Person of interest questioned in Belmont Central shooting that killed 7-year-old, wounded sister
Serenity Broughton died from the gunshot wounds she suffered to her chest and torso. Her sister, 6-year-old Aubrey, was hit in the chest and armpit.
A person of interest has been taken into custody in connection with a shooting that left a 7-year-old girl dead and her sister wounded last month in Belmont Central.
The person was being questioned by detectives in the Aug. 15 attack, Chicago police said. Further details were not immediately released.
That day, Serenity Broughton, 7, and her 6-year-old sister Aubrey Broughton were with their mother in a car shortly before 3 p.m. in the 6200 block of West Grand Avenue when they were shot, police said.
Chief of Detectives Brendan Deenihan said Chicago police are working with the Cook County states attorney’s office to bring charges but couldn’t give any details.
“They’re obviously in custody for the specific incident,” Deenihan said at a Friday evening news conference. “I don’t want to give out the details of what they may be responsible for regarding that. They’re not charged at this time.”
Deenihan said the person was taken into custody approximately “a day and a half ago” and they are “coming down to the wire” for bringing those charges before they must release the person. Deenihan said they believe there are more people involved with the shooting and are working to arrest them as well.
Serenity Broughton died from the gunshot wounds she suffered to her chest and torso. Aubrey was hit in the chest and armpit. Neither the girls nor their mother were intended targets, police said.

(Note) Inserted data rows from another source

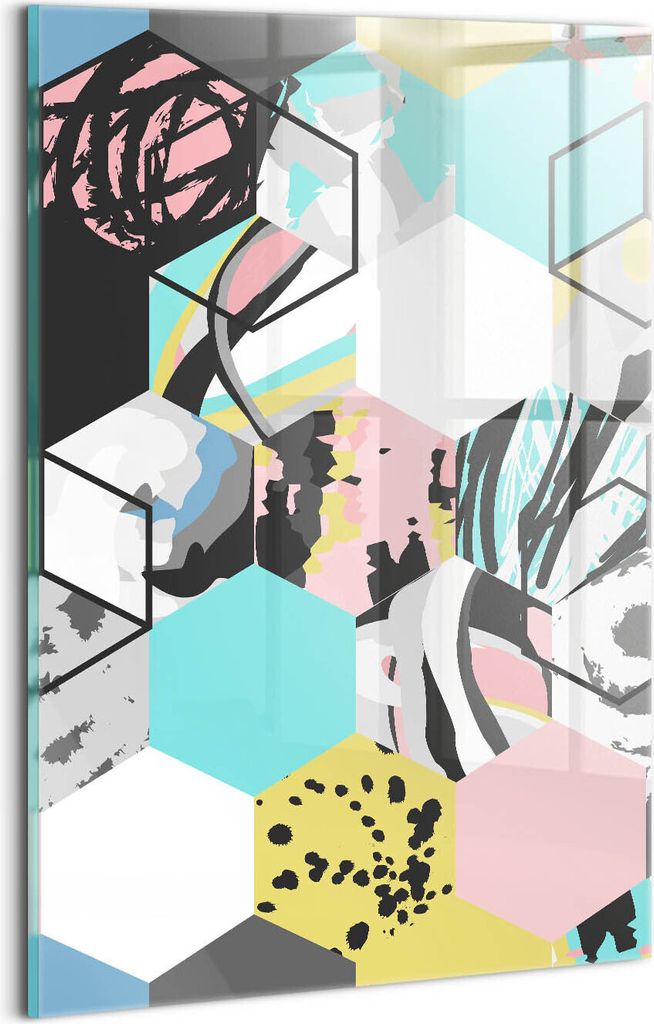 Designer Glasbild - Wandbild - Glas Bild - 20x30 cm - Geometrische Abstraktion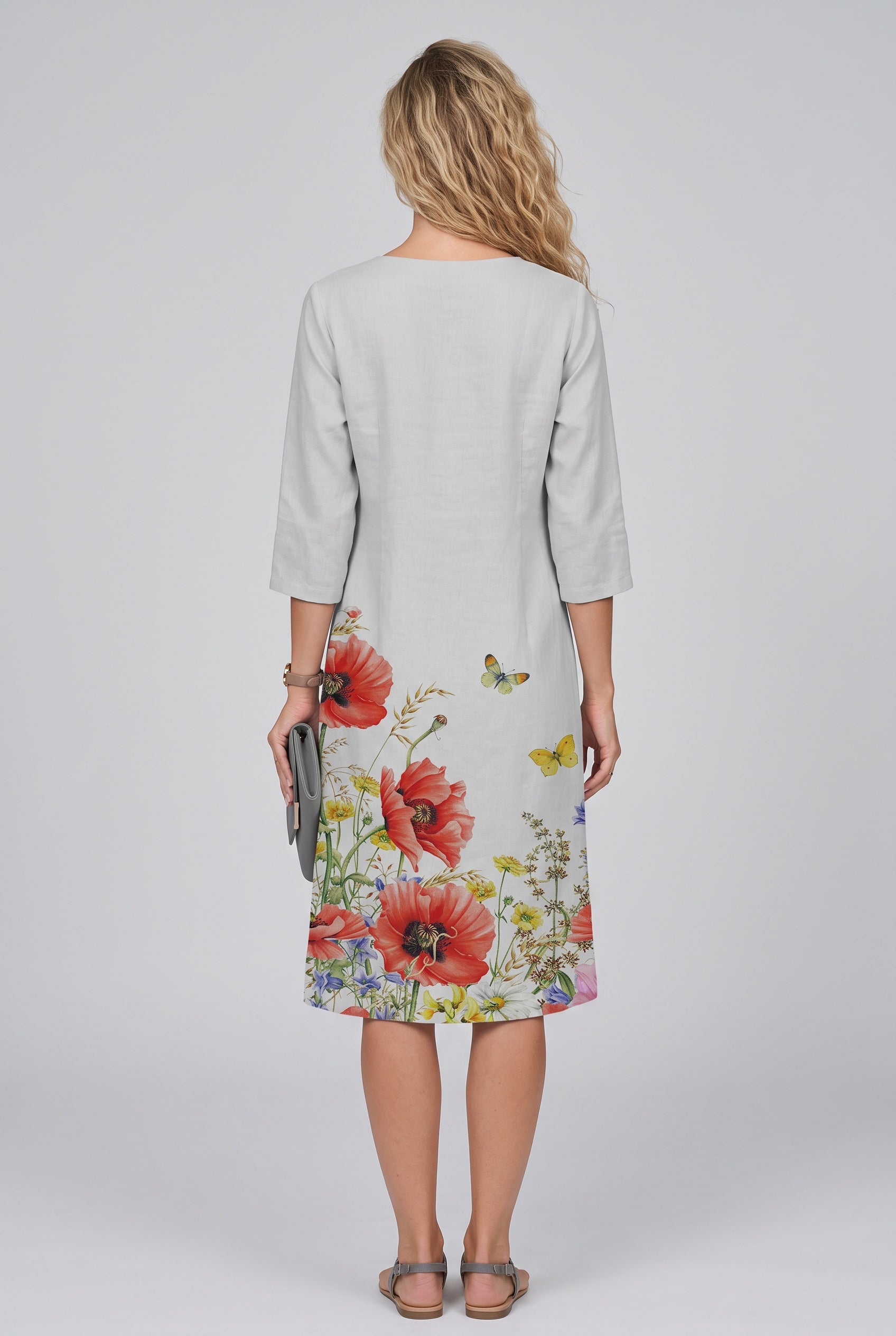 Xenia | Round Neck Short Sleeve Midi Dress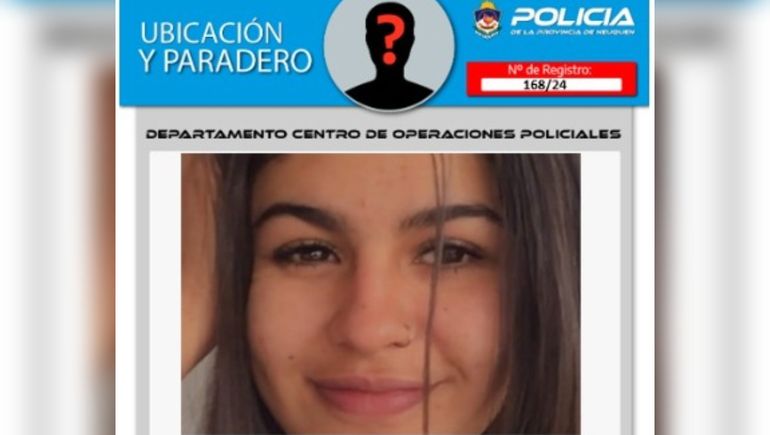 Sigue la búsqueda de una joven desaparecida en Neuquén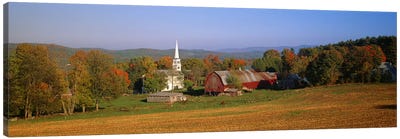 Church and a barn in a field, Peacham, Vermont, USA Canvas Art Print
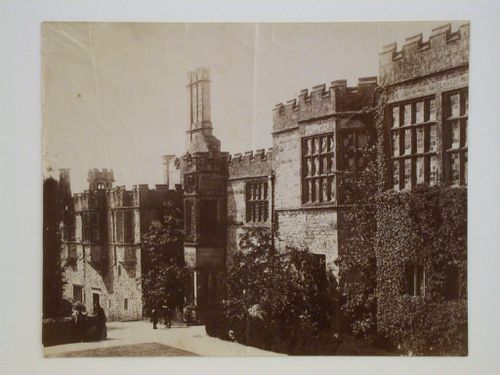 Partial view of the south façade of Haddon Hall, Derbyshire, England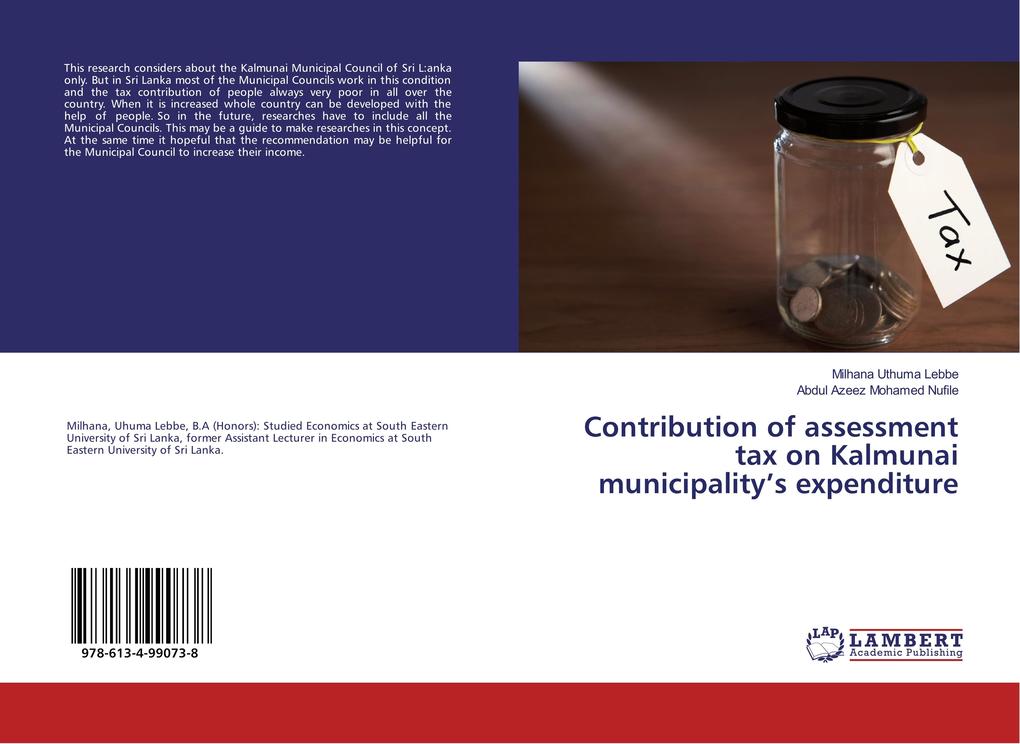 Contribution of assessment tax on Kalmunai municipality's expenditure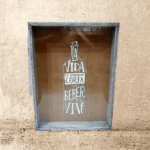 Porta corcho de madera 30 x 40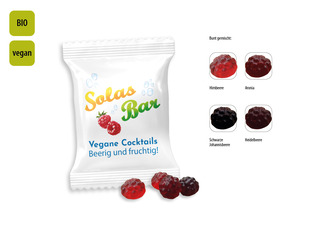 BIO Beerenfrüchtchen vegan Werbetüte, Inhalt: BIO Beerenfrüchtchen vegan ca. 10 g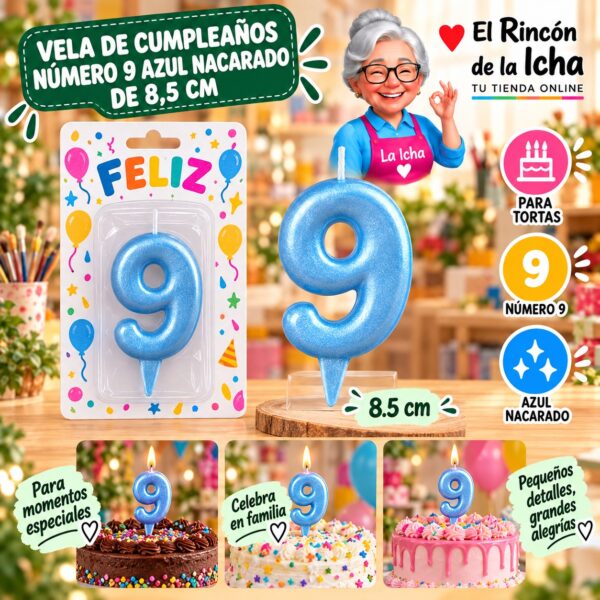 RI-0009721 Vela de Cumpleaños Número 9 Azul Nacarado de 8,5 cm Feliz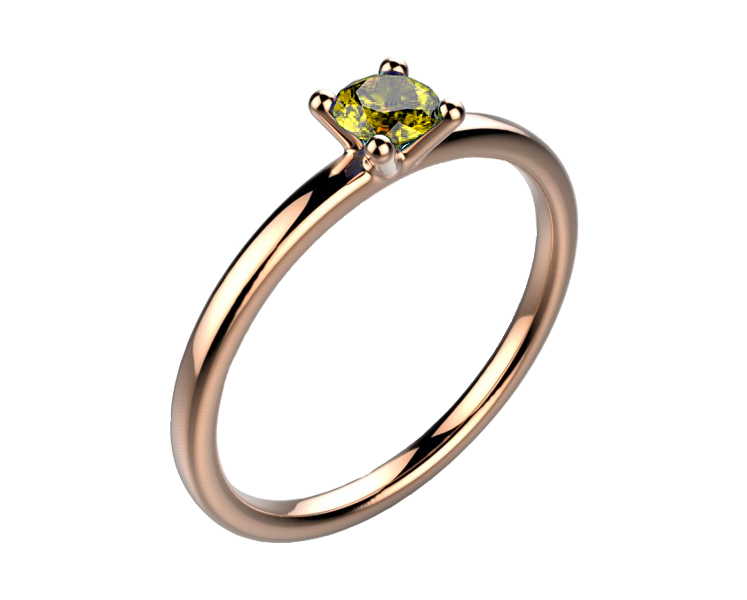 Bague saphir or rose Candide saphir jaune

Regina Broughton, the girls’ grandmother, said the sisters were very close and that “Serenity enjoyed her sister Aubrey the most.”
“Serenity enjoyed just about everything except being told no,” Regina Broughton said in a text message at the time. “She had the potential to be anything she wanted to be. But she was a child. And her baby sister is missing her and doesn’t understand why her big sister ‘Honey,’ as she calls her, isn’t coming home.”